Il faut ici remarquer un certain abus de plusieurs, qui pensent être dans ces états surnaturels de peine, et qui n'y sont pas. Voici quelques marques que l'on donne de l'état passif des peines :

La première, si l'âme ne trouve et ne veut trouver aucun goût dans toutes les choses du monde, quoique tentée d'inclination, pour elles ; car c'est une marque qu'elle est unie à Dieu : autrement elle se laisserait aller à ses mouvements de nature.

La seconde, si elle a soin de n'offenser point Dieu, si elle craint le péché, puisque, si elle n'aimait point Dieu, elle ne se soucierait pas de pécher. La sécheresse qu'elle porte pour lors est une aridité, et non pas une tiédeur.

La troisième, si elle ne peu méditer comme elle faisait, mais se trouve arrêtée par une notice générale, et vue simple, sans distinguer rien en particulier.

La quatrième, si les personnes expérimentées assurent que son état de peines est passif.
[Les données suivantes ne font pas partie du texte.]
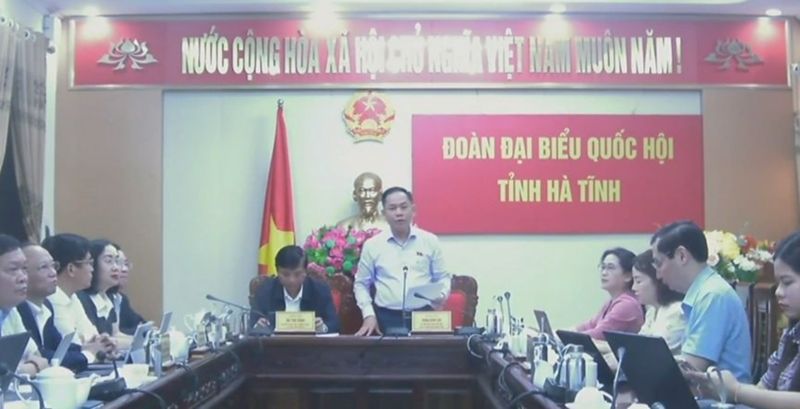 Nghiêm cấm tranh giành, lôi kéo, dùng các thủ đoạn để bán bảo hiểm 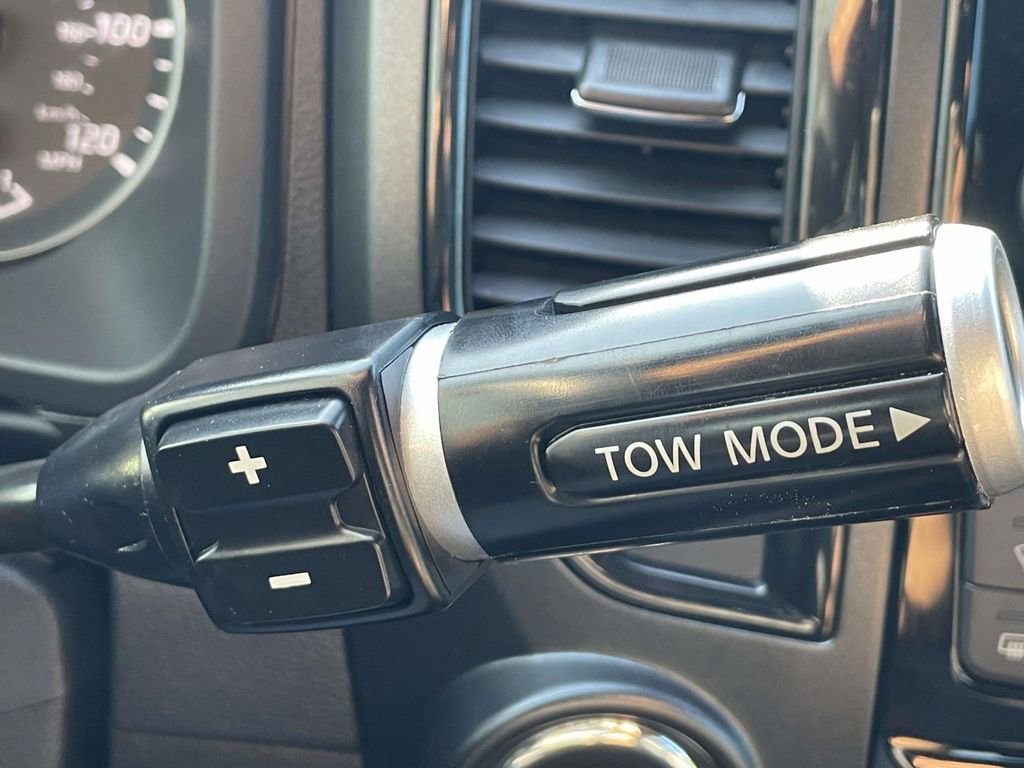 Used 2024 Nissan Titan SV w/ SV Bronze Edition Package RWD image 20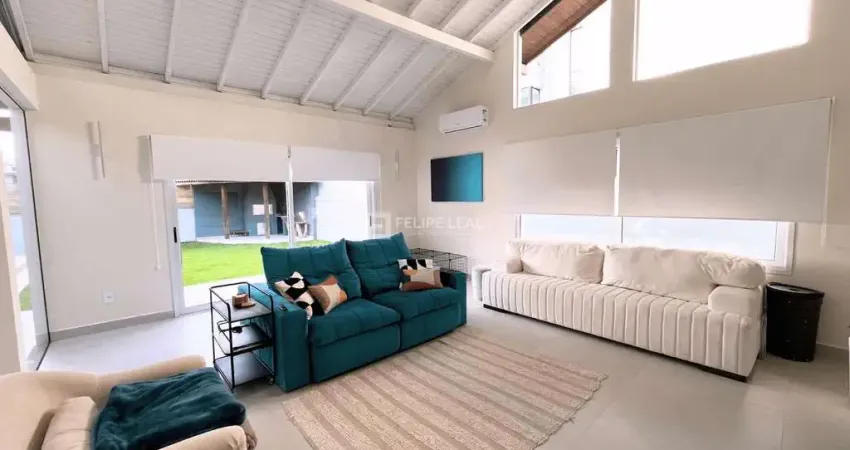 Casa em Condominio em Cachoeira do Bom Jesus Leste - Florianópolis, SC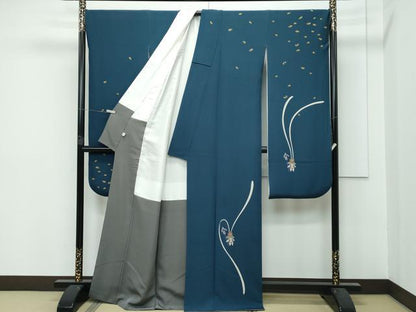 平和屋本店■極上　世界的人形師　辻村寿三郎　ジュサブロー　振袖　兎　高麗納戸色地　逸品　CZAA3116s5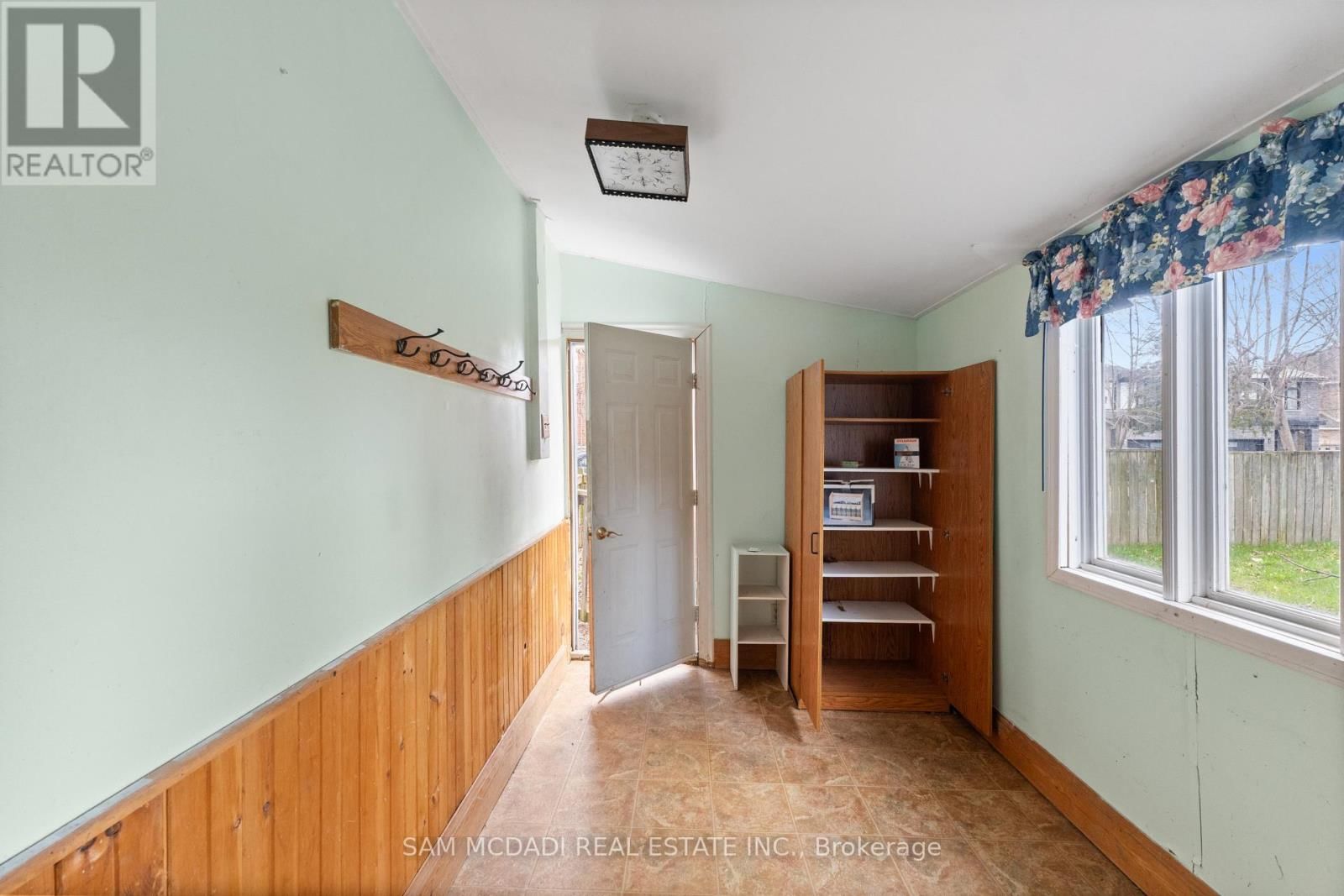 1062 WEST AVENUE Image 12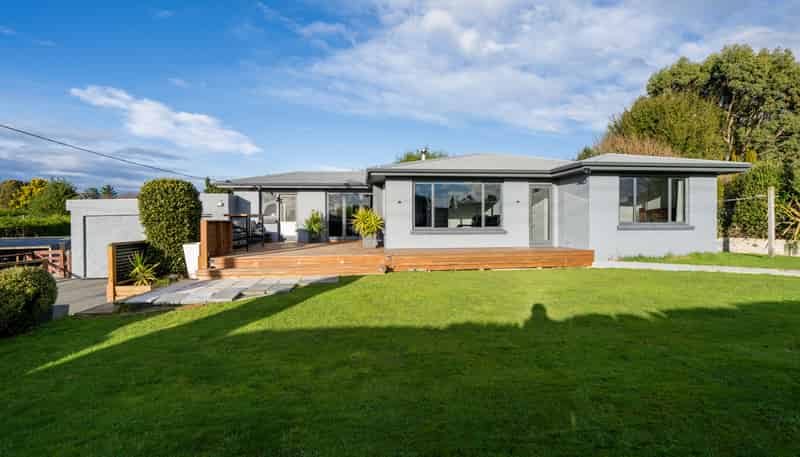 16 Lorne Dacre Road, Lorneville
Au reste, il y a autant de différence entre ces peines et les autres qu'entre le jour et la nuit.Mais que faut-il faire dans ces états ? Adorer la divine volonté en la manière qu'on le peut, s'y abandonnant sans aucune réserve, sans retour ni sans réflexion, pour tous les tourments qu'il lui plaira nous envoyer.

Eviter un certain désir secret de sortir de ces peines, ce qui est opposé à un certain abandon ; aussi bien cela ne sert qu'à les augmenter, puisqu'elles sont données pour ôter toute imperfection, et par conséquent ce désir, qui en est une grande.

Lorsque la colère de Dieu se présente avec ses châtiments, il les faut recevoir avec joie, et à bras ouverts, et enfin tout ce qui arrivera de la part des hommes, des démons et furies de l'enfer.
Si vous manquez à adorer un seul des coups que la divine volonté a ordonnés, la colère de Dieu tombe sur vous, et augmente vos peines. C'est ce que disait aux démons une sainte âme, comme nous l'avons déjà remarqué.